Blogs and Literary Criticism

A salon-like discussion of the "demise" of literary criticism on Salon (subscription prob. required):

Louis Bayard: The problem with arguing for cultural gatekeepers is that, if you're a professional critic, you inevitably look self-serving -- "Hey, that's my job!" -- and yes, elitist -- "Don't try this at home, guys." I myself don't have any particular training or qualifications to be a reviewer, other than my own experience as a reader and writer, so I feel silly arguing that someone else isn't qualified to deliver an opinion. And believe it or not, I've learned things from Amazon reviews, from letters pages, from literary blogs, from all sorts of non-traditional outlets. The quality of writing is certainly variable, but then so is the quality of traditional journalism.

Laura Miller: I don't think there's a real causal connection between the blogosphere and the withering away of newspaper criticism, actually. It has more to do with the economics of newspaper publishing and management and editors feeling that criticism is disposable because it's not reporting, which they see as a newspaper's core product.

I think of blogs not as alternatives to reviews or essays, but as a forum for short items, news and remarks, as well as links and responses to longer pieces posted on the sites that commission them. I could be wrong, though, as I'm not really a reader of blogs. I have a hard enough time keeping up with the book review sections of the New York and Los Angeles Times, the New Yorker, the New York Review of Books, Bookforum, the Atlantic, Harper's, TLS, the New Republic, etc., as well as the British newspapers like the Guardian and Independent, which I read online. Yet even in those publications I often find that the pieces I'm excited to be reading are the exception rather than the rule. I'm all for cultural gatekeepers because there's way more out there than I have time to read and it's not always easy to find the best of it.

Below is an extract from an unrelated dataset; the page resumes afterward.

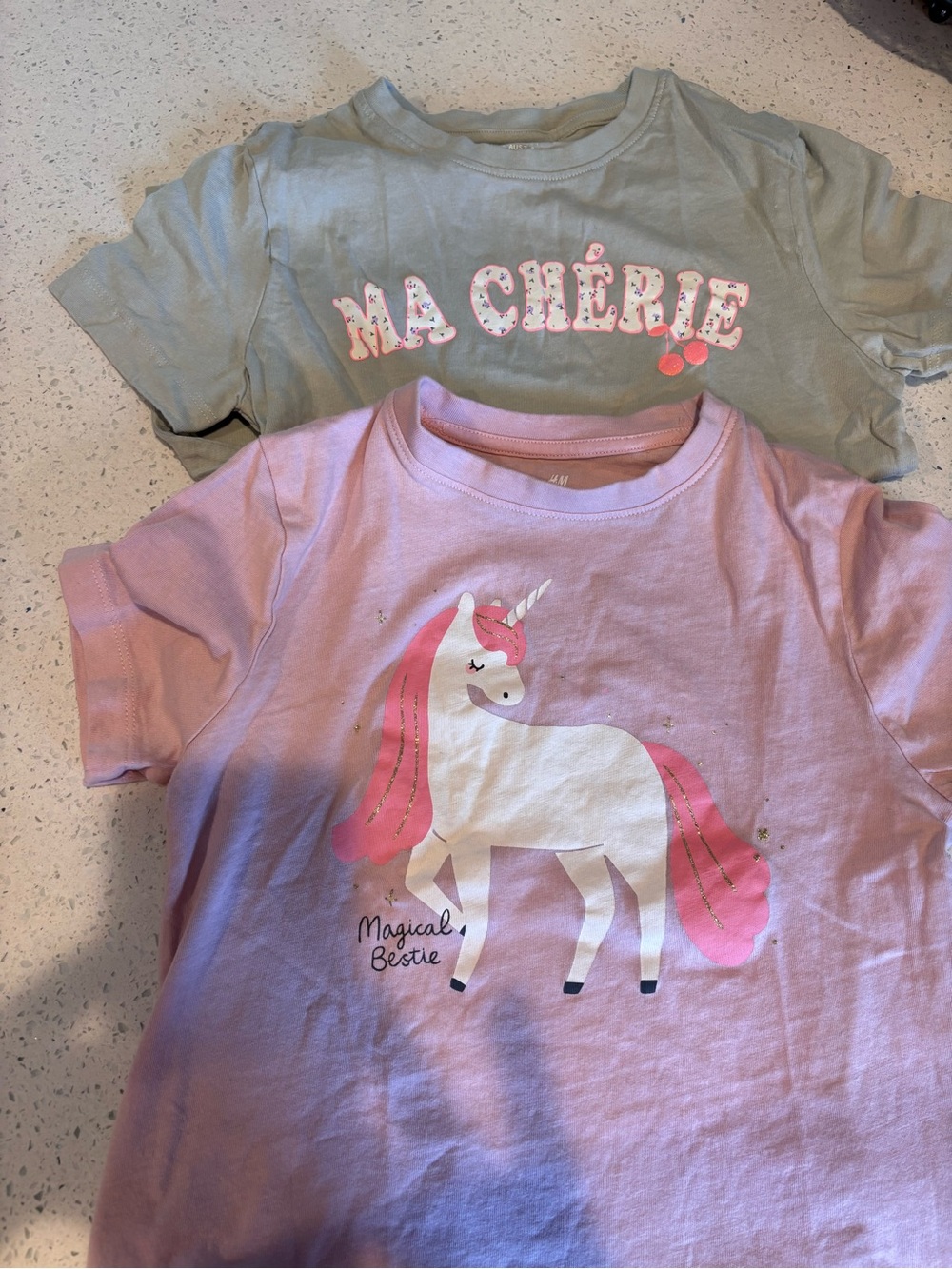 H&M Girls Pink Unicorn Tee with Green 'Ma Chérie' Top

One feels kind of sorry for Laura Miller, who isn't a bad critic, having to slog through all that gatekeeper criticism that she doesn't like when she could just google around and find out what people are saying about books she's interested in (or that she doesn't know about yet). A critical eye for the Web is far more valuable at this point than having the stamina to read every established organ from the last century.